AWARE SYSTEMS
TIFF and LibTiff Mail List Archive

Thread

2009.04.26 17:22 "[Tiff] Packbits worst case encoded length", by Simon Berger
2009.04.29 14:28 "Re: [Tiff] Packbits worst case encoded length", by Toby Thain
2009.04.30 07:41 "Re: [Tiff] Packbits worst case encoded length", by Albert Cahalan
2009.04.30 13:58 "Re: [Tiff] Packbits worst case encoded length", by Toby Thain
2009.04.30 19:12 "Re: [Tiff] Packbits worst case encoded length", by Albert Cahalan
2009.04.30 19:25 "Re: [Tiff] Packbits worst case encoded length", by Toby Thain
2009.04.30 19:31 "Re: [Tiff] Packbits worst case encoded length", by Albert Cahalan
2009.04.30 22:30 "Re: [Tiff] Packbits worst case encoded length", by Toby Thain
2009.05.01 06:34 "Re: [Tiff] Packbits worst case encoded length", by Albert Cahalan
2009.05.01 14:21 "Re: [Tiff] Packbits worst case encoded length", by Toby Thain
2009.04.30 19:25 "Re: [Tiff] Packbits worst case encoded length", by Simon Berger
2009.04.29 18:07 "Re: [Tiff] Packbits worst case encoded length", by Simon Berger
2009.04.29 19:17 "Re: [Tiff] Packbits worst case encoded length", by Toby Thain
2009.04.29 19:43 "Re: [Tiff] Packbits worst case encoded length", by Simon Berger
2009.05.05 19:13 "Re: [Tiff] Packbits worst case encoded length", by Albert Cahalan
2009.05.05 16:39 "Re: [Tiff] Packbits worst case encoded length", by Bob Friesenhahn
2009.05.05 18:09 "Re: [Tiff] Packbits worst case encoded length", by Albert Cahalan
2009.05.05 18:32 "Re: [Tiff] Packbits worst case encoded length", by Bob Friesenhahn
2009.05.05 18:42 "[Tiff] Guard pages - was Re: Packbits worst case encoded length", by Toby Thain
2009.05.05 22:57 "Re: [Tiff] Packbits worst case encoded length", by Graeme Gill

2009.05.05 22:57 "Re: [Tiff] Packbits worst case encoded length", by Graeme Gill

Yes and no.
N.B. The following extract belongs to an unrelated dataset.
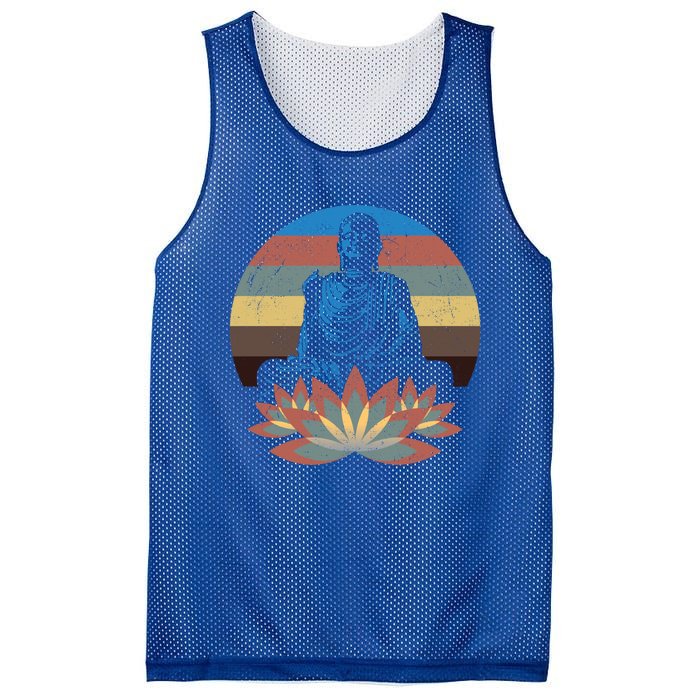 Sleeping Buddha Relaxing Meditation Gift Design Idea Gift Mesh Reversible Basketball Jersey Tank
You're wasting address space, not the RAM itself. There won't be a big chunk of unused RAM because of this.

At worst, some systems will reserve some swap space.

In many systems this amounts to the same thing. Lots of 32 bit systems have 3-4Gig of memory now. It's really interesting to see the sorts of problems that crop up due to virtual address space exhaustion, when you actually try and use all that memory! (ie. address space fragmentation problems in the memory allocators).

I'm suggesting to use a different allocator for risky allocations. These would primarily be buffers that you decompress into.

Since this requires judgment on the programmers part, it would seem to map right back to the need to write perfect code.

I actually think it is possible to make a 100% bullet proof file parser, assuming that the format isn't stupidly intricate or performance sensitive, and that is by taking the approach of funneling all the file accesses and resulting memory allocations through one small set of routines that can reasonably be made bug free.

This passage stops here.